Not dissimilar from their 2010 gameAlan Wake, licensed music featured in both Quantum Break’s series and video game were chosen by Sam Lake and meant reflect major thematic moments in overarching narrative.
During the early preview run of Quantum Break in March 2016, Streamers and YouTube gamers were given the opportunity to play over fifty-five minutes of early gameplay from the final version of the game prior to the April 5, 2016 release date.
Following audio options featured in independent video games like Concrete Jungle, Remedy Entertainment implemented an audio option wherein Let's players could mute the licensed music featured in the game to avoid copyright strikes or Content ID claims that could lead to the possible deletion, region block or demonetization of their videos on popular websites like YouTube and Twitch. According to Head of Communications, Thomas Puha, the option was implemented after receiving feedback from gamers who streamed or uploaded videos of playthroughs of Alan Wake and were deleted after being flagged for the licensed music featured in the game.[note 1]

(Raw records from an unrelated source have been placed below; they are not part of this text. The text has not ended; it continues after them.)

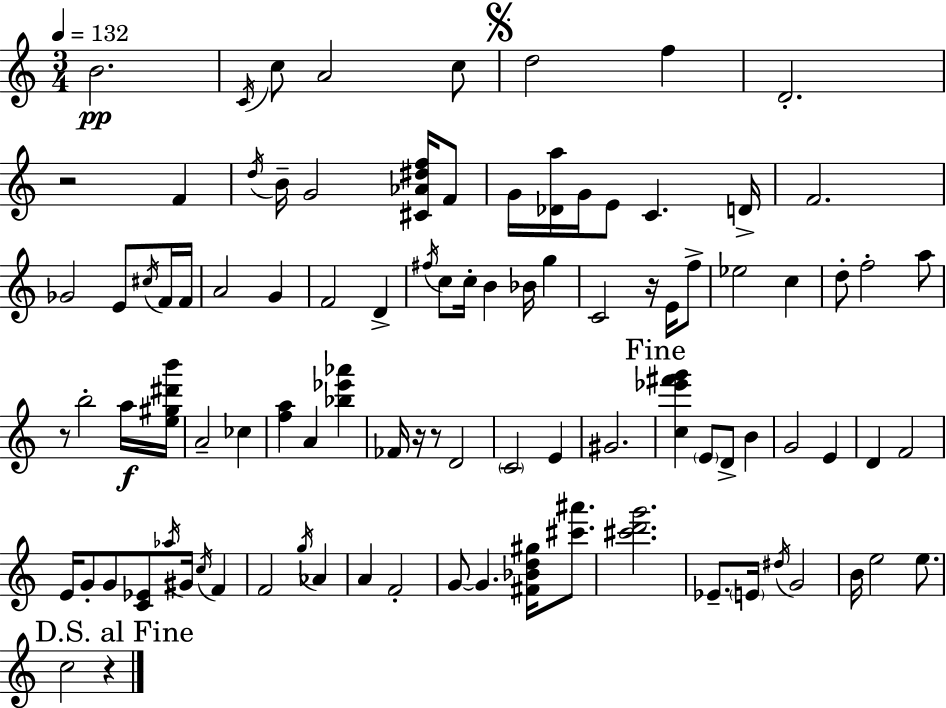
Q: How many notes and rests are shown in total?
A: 97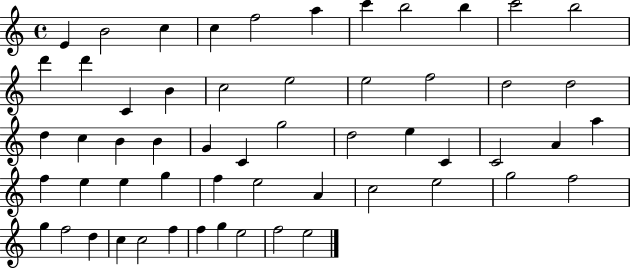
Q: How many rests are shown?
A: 0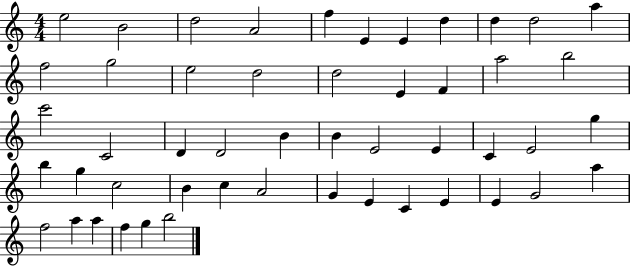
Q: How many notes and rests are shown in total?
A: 50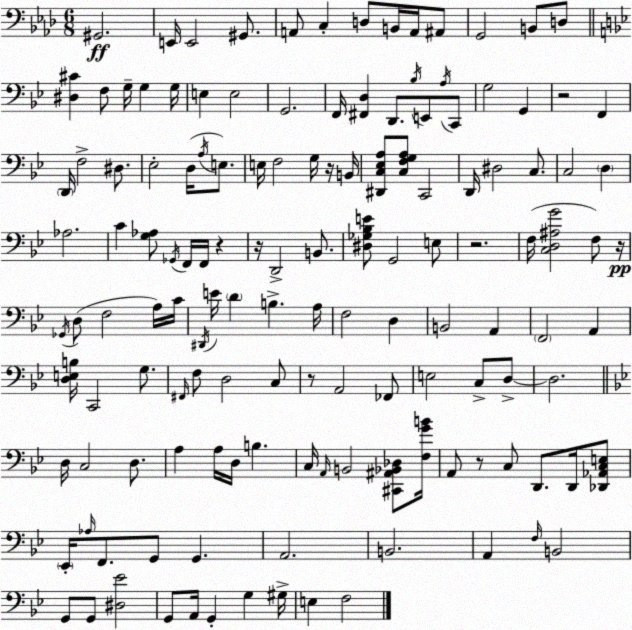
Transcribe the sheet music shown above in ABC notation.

X:1
T:Untitled
M:6/8
L:1/4
K:Fm
^G,,2 E,,/4 E,,2 ^G,,/2 A,,/2 C, D,/2 B,,/4 A,,/4 ^A,,/2 G,,2 B,,/2 D,/2 [^D,^C] F,/2 G,/4 G, G,/4 E, E,2 G,,2 F,,/4 [^F,,D,] D,,/2 _B,/4 E,,/2 A,/4 C,,/2 G,2 G,, z2 F,, D,,/4 F,2 ^D,/2 _E,2 D,/4 A,/4 E,/2 E,/4 F,2 G,/4 z/4 B,,/4 [^D,,C,_E,A,]/2 [C,F,G,A,]/2 C,,2 D,,/4 ^D,2 C,/2 C,2 D, _A,2 C [G,_A,]/2 _G,,/4 F,,/4 F,,/4 z z/4 D,,2 B,,/2 [^D,_G,_B,E]/2 G,,2 E,/2 z2 F,/4 [C,D,^A,G]2 F,/2 z/4 _G,,/4 D,/2 F,2 A,/4 C/4 ^D,,/4 E/4 D B, A,/4 F,2 D, B,,2 A,, F,,2 A,, [D,E,B,]/4 C,,2 G,/2 ^F,,/4 F,/2 D,2 C,/2 z/2 A,,2 _F,,/2 E,2 C,/2 D,/2 D,2 D,/4 C,2 D,/2 A, A,/4 D,/4 B, C,/4 A,,/4 B,,2 [^C,,^A,,_B,,_D,]/2 [F,GB]/4 A,,/2 z/2 C,/2 D,,/2 D,,/4 [_D,,_A,,C,E,]/2 _E,,/4 _A,/4 F,,/2 G,,/2 G,, A,,2 B,,2 A,, F,/4 B,,2 G,,/2 G,,/2 [^D,_E]2 G,,/2 A,,/4 G,, G, ^G,/4 E, F,2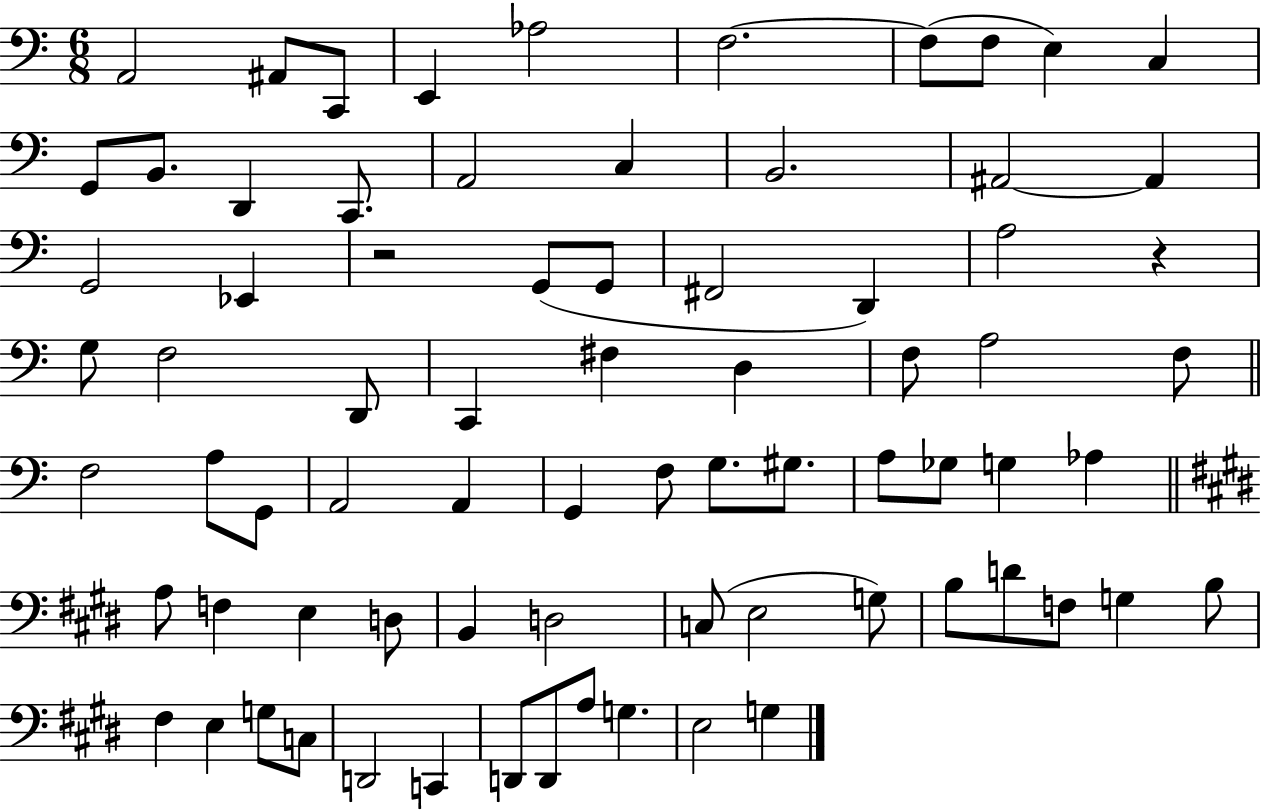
X:1
T:Untitled
M:6/8
L:1/4
K:C
A,,2 ^A,,/2 C,,/2 E,, _A,2 F,2 F,/2 F,/2 E, C, G,,/2 B,,/2 D,, C,,/2 A,,2 C, B,,2 ^A,,2 ^A,, G,,2 _E,, z2 G,,/2 G,,/2 ^F,,2 D,, A,2 z G,/2 F,2 D,,/2 C,, ^F, D, F,/2 A,2 F,/2 F,2 A,/2 G,,/2 A,,2 A,, G,, F,/2 G,/2 ^G,/2 A,/2 _G,/2 G, _A, A,/2 F, E, D,/2 B,, D,2 C,/2 E,2 G,/2 B,/2 D/2 F,/2 G, B,/2 ^F, E, G,/2 C,/2 D,,2 C,, D,,/2 D,,/2 A,/2 G, E,2 G,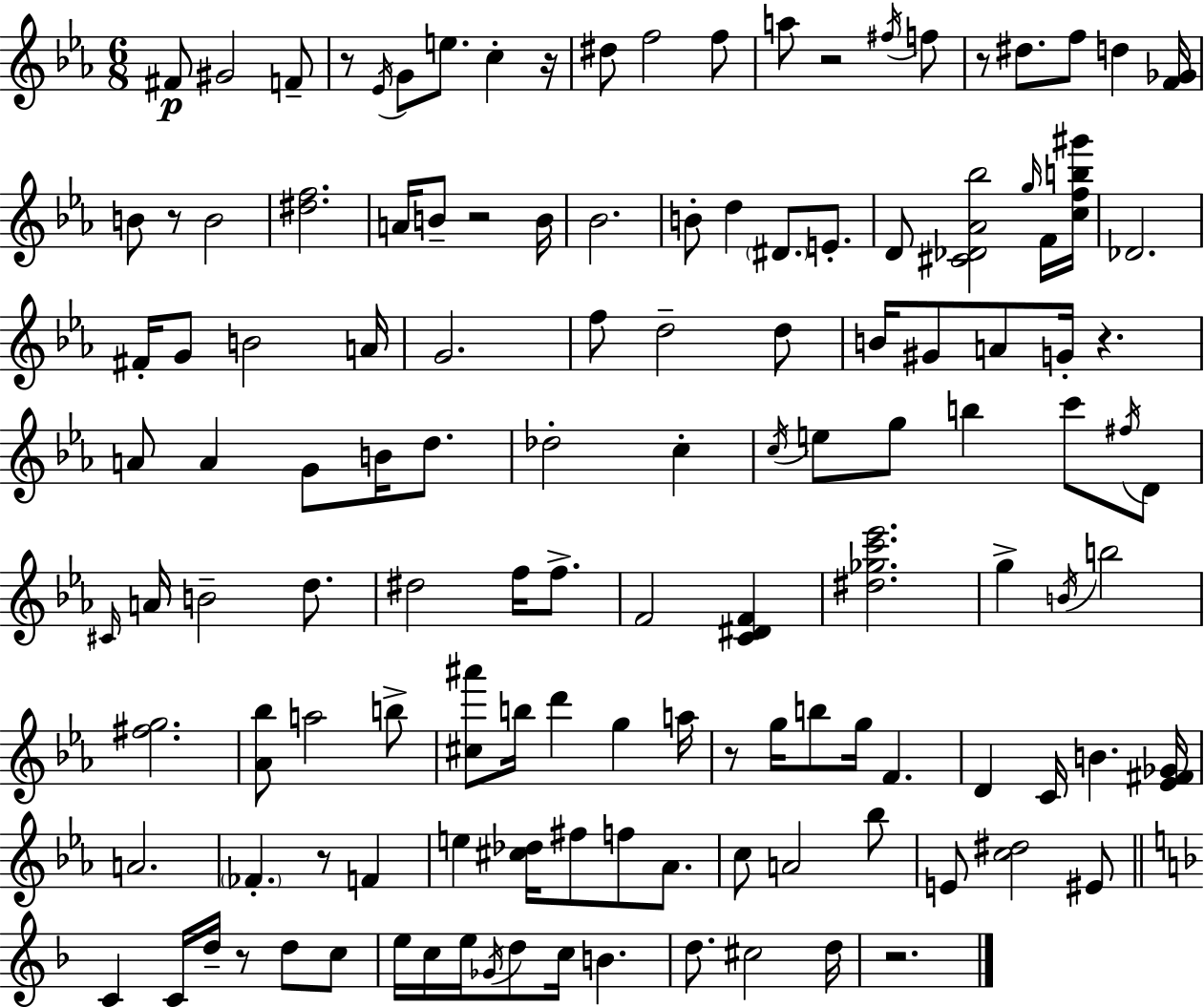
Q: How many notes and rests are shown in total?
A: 130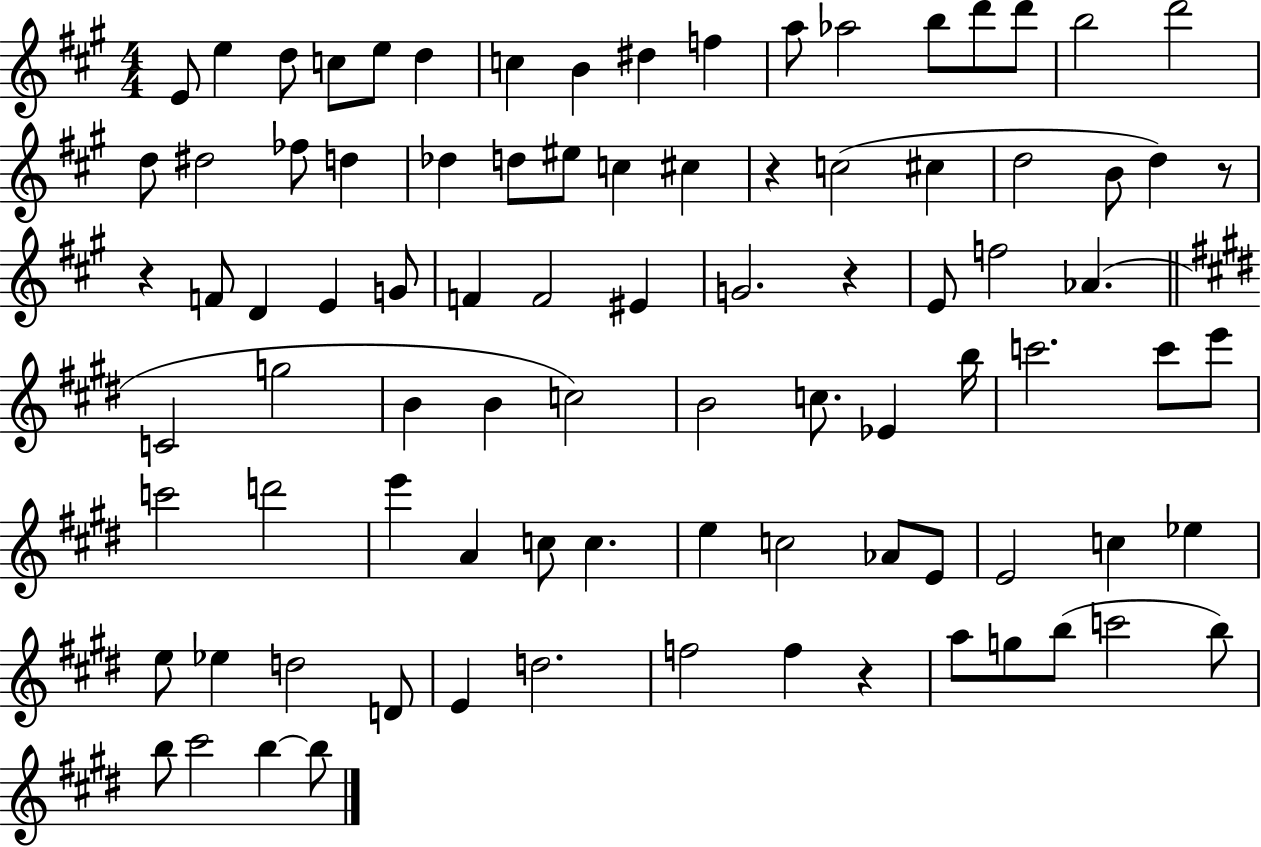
E4/e E5/q D5/e C5/e E5/e D5/q C5/q B4/q D#5/q F5/q A5/e Ab5/h B5/e D6/e D6/e B5/h D6/h D5/e D#5/h FES5/e D5/q Db5/q D5/e EIS5/e C5/q C#5/q R/q C5/h C#5/q D5/h B4/e D5/q R/e R/q F4/e D4/q E4/q G4/e F4/q F4/h EIS4/q G4/h. R/q E4/e F5/h Ab4/q. C4/h G5/h B4/q B4/q C5/h B4/h C5/e. Eb4/q B5/s C6/h. C6/e E6/e C6/h D6/h E6/q A4/q C5/e C5/q. E5/q C5/h Ab4/e E4/e E4/h C5/q Eb5/q E5/e Eb5/q D5/h D4/e E4/q D5/h. F5/h F5/q R/q A5/e G5/e B5/e C6/h B5/e B5/e C#6/h B5/q B5/e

↑Thomas Puha: "Streaming and YouTube especially have become such an essential part of gaming culture these days," Remedy's Head of Media and Partners Thomas Puha told Engadget via email. "At a very late stage in the development of Quantum Break, we came up with the idea of giving the option to disable licensed music to make life a bit easier for everyone wanting to share their Quantum Break experience."